Assigned task >>
Give the lines below again, exactly as they stand, and leave out the images.

-- Available data follows --

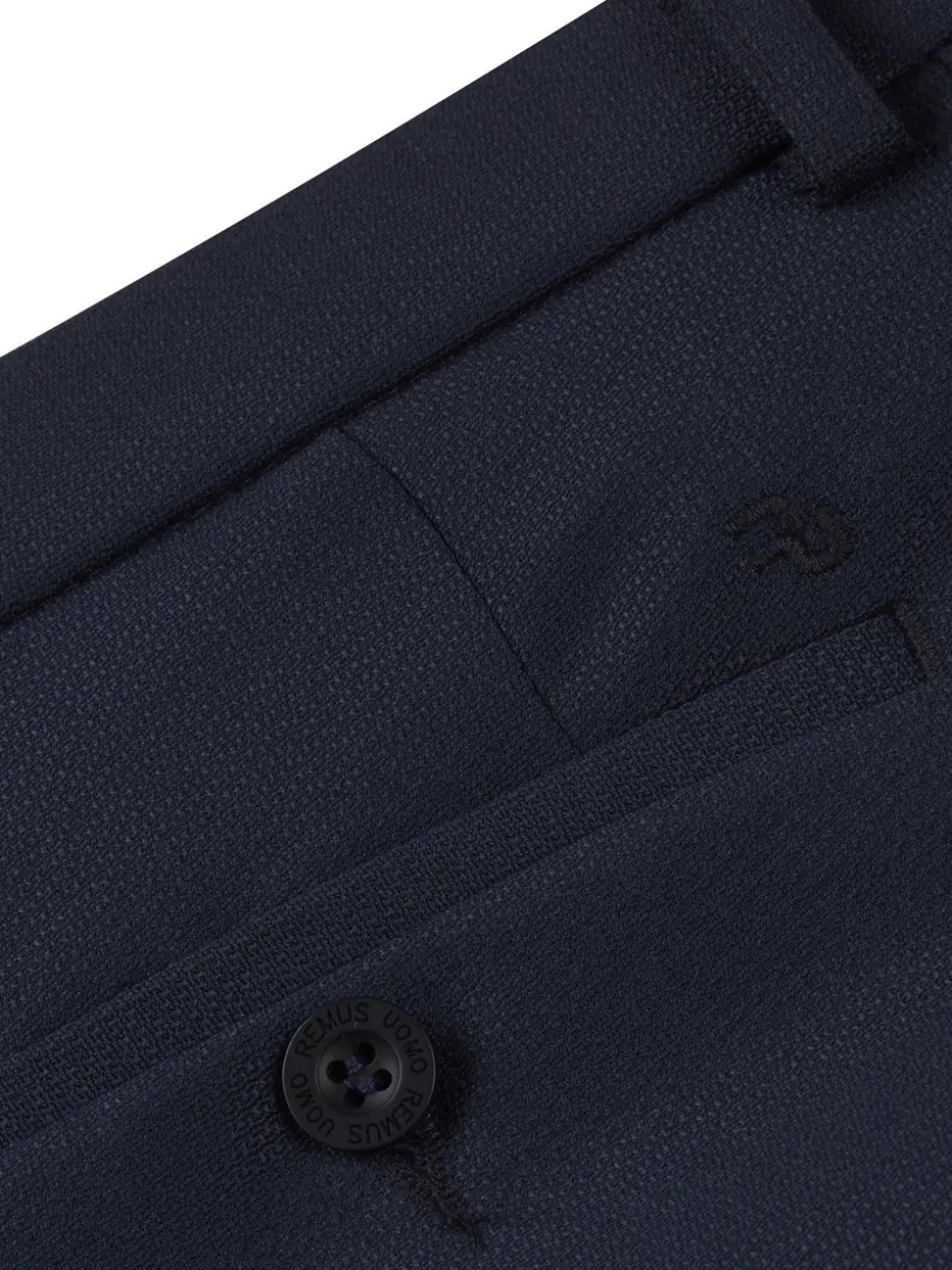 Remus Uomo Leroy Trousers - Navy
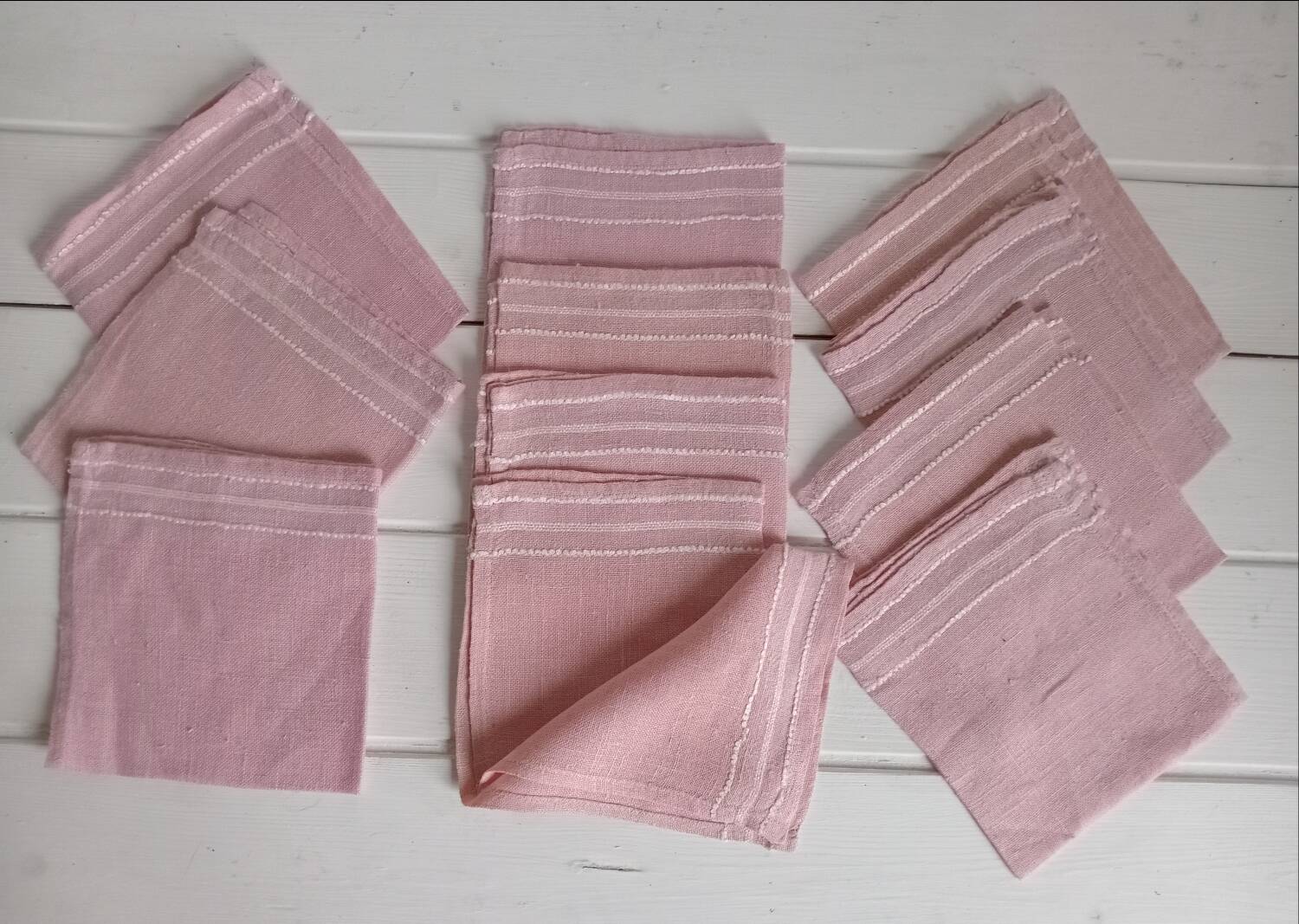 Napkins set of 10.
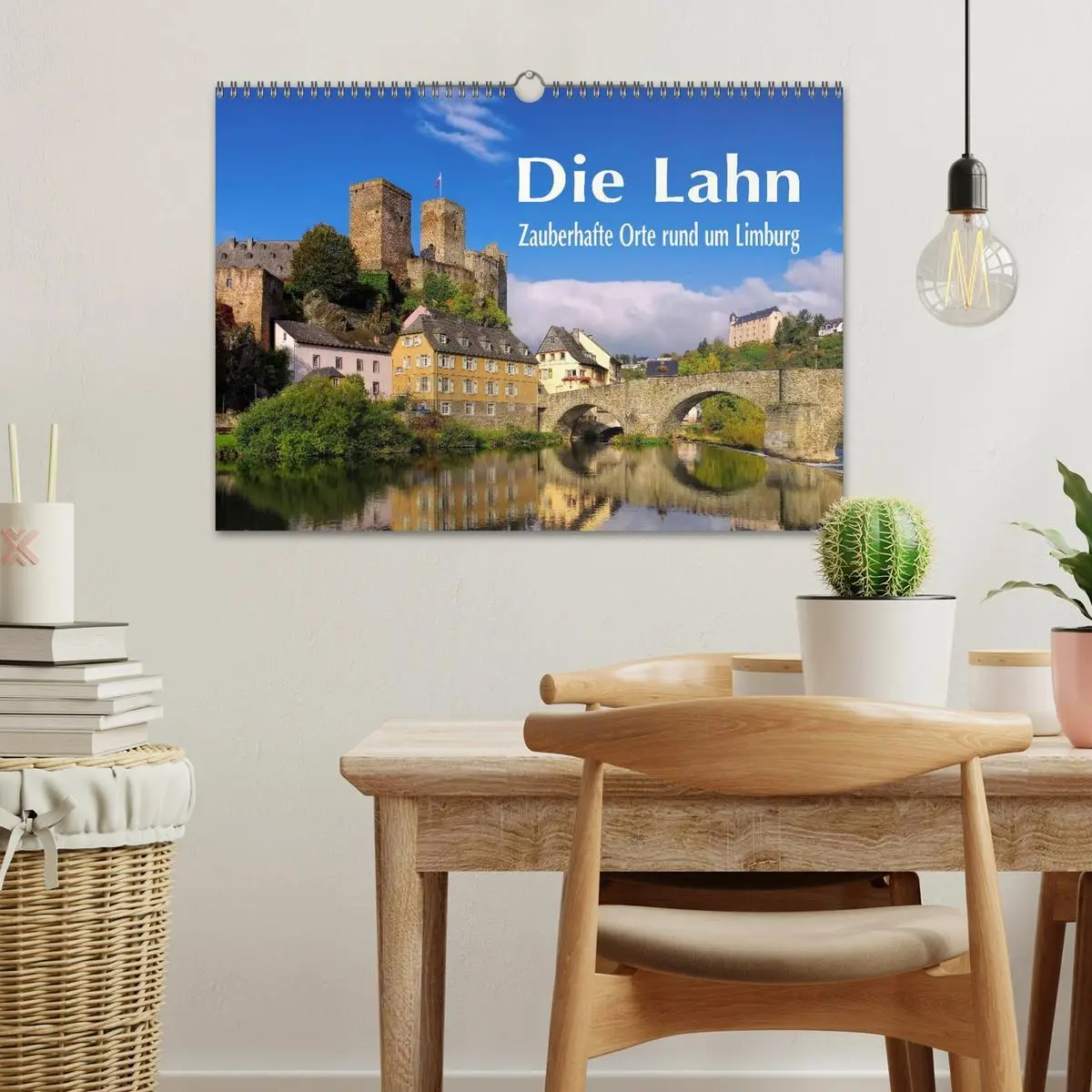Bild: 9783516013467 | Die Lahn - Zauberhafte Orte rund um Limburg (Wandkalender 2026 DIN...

-- Available data concluded --

Answer section >>
 Remus Uomo Leroy Trousers - Navy
 Napkins set of 10.
Bild: 9783516013467 | Die Lahn - Zauberhafte Orte rund um Limburg (Wandkalender 2026 DIN...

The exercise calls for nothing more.